→ WORK ORDER
Down to the last line below, write out every line exactly, starting with the one that contains "à Lorient (56100)" and leaving out the pictures.

(Stored data)
# # #

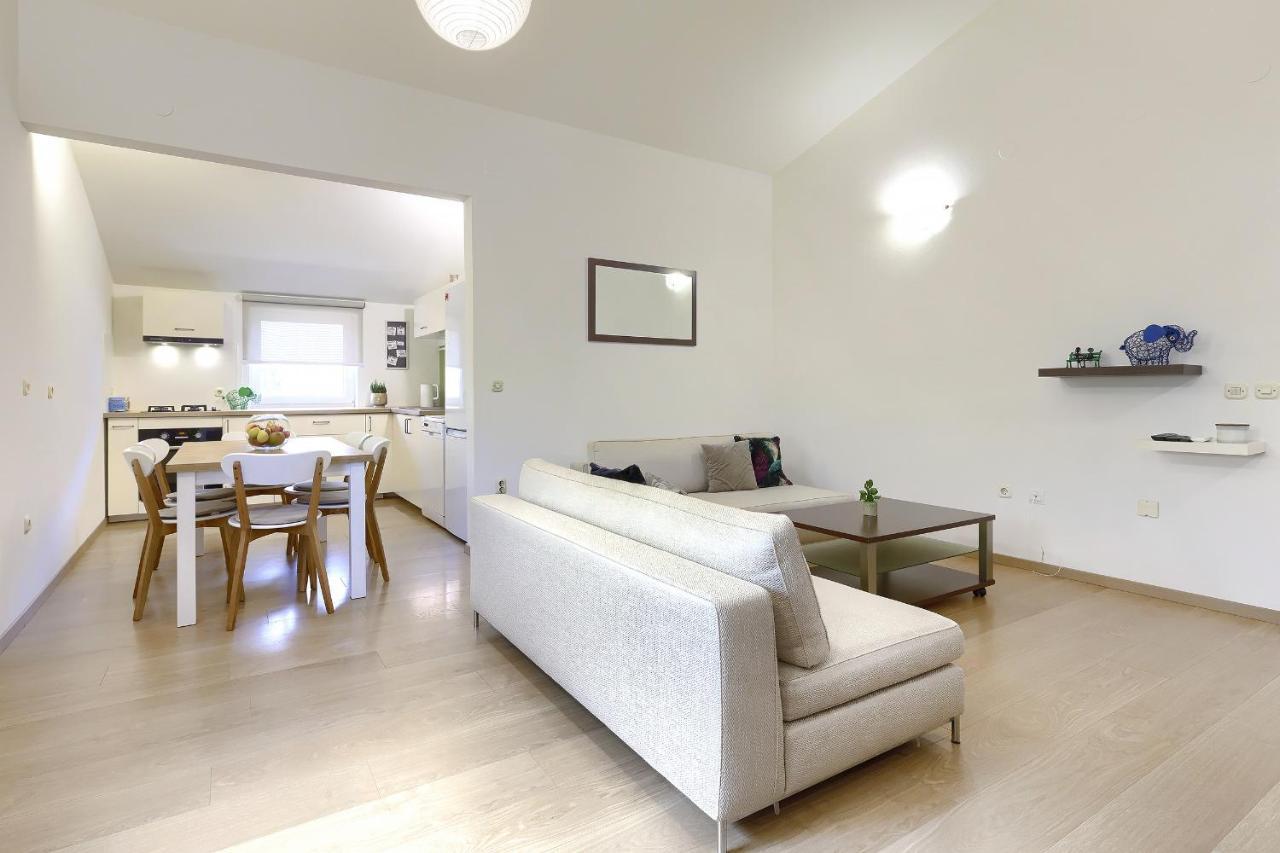 Homestay Pula Eksteriør billede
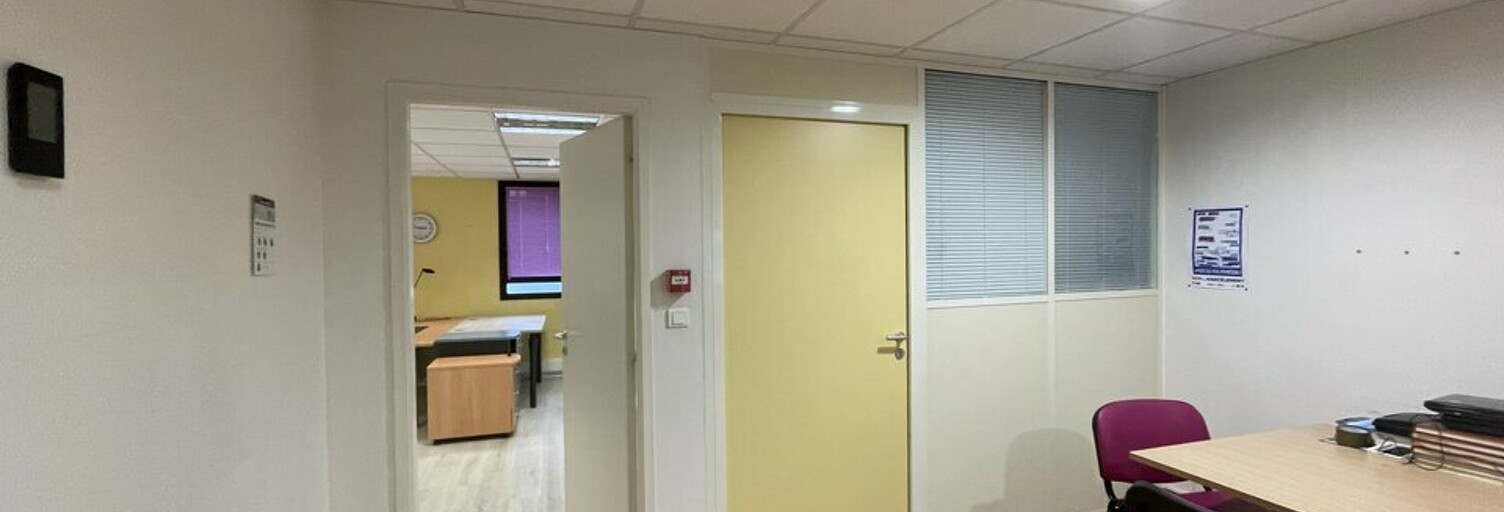 Bureau  130 m² à louer à Lorient (56100)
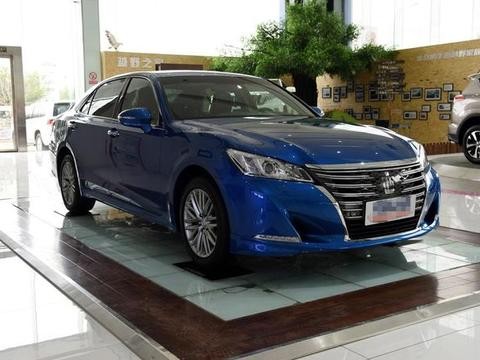 全新丰田皇冠，这颜值也太高了吧，连奥迪A6看了都不是对手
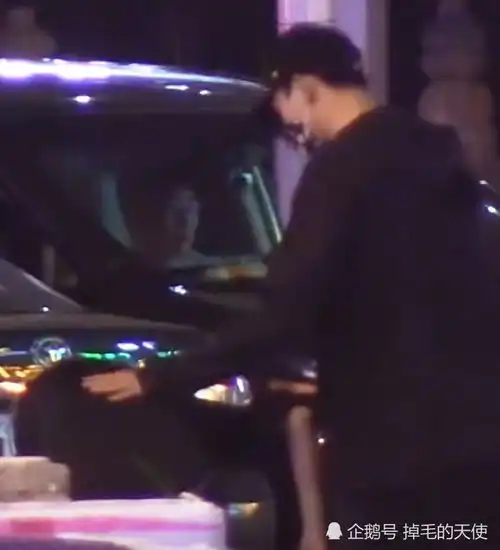 王子奇王楚然恋情疑似曝光,深夜手牵手散步,王楚然呕吐王子奇帮忙拍背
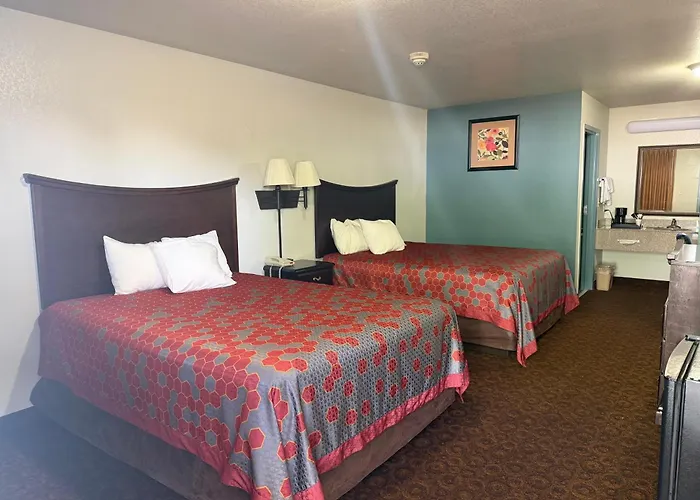 Econo Lodge Inn & Suites Searcy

# # #

→ RESULT OF THE TASK
 Bureau  130 m² à louer à Lorient (56100)
 全新丰田皇冠，这颜值也太高了吧，连奥迪A6看了都不是对手
 王子奇王楚然恋情疑似曝光,深夜手牵手散步,王楚然呕吐王子奇帮忙拍背
 Econo Lodge Inn & Suites Searcy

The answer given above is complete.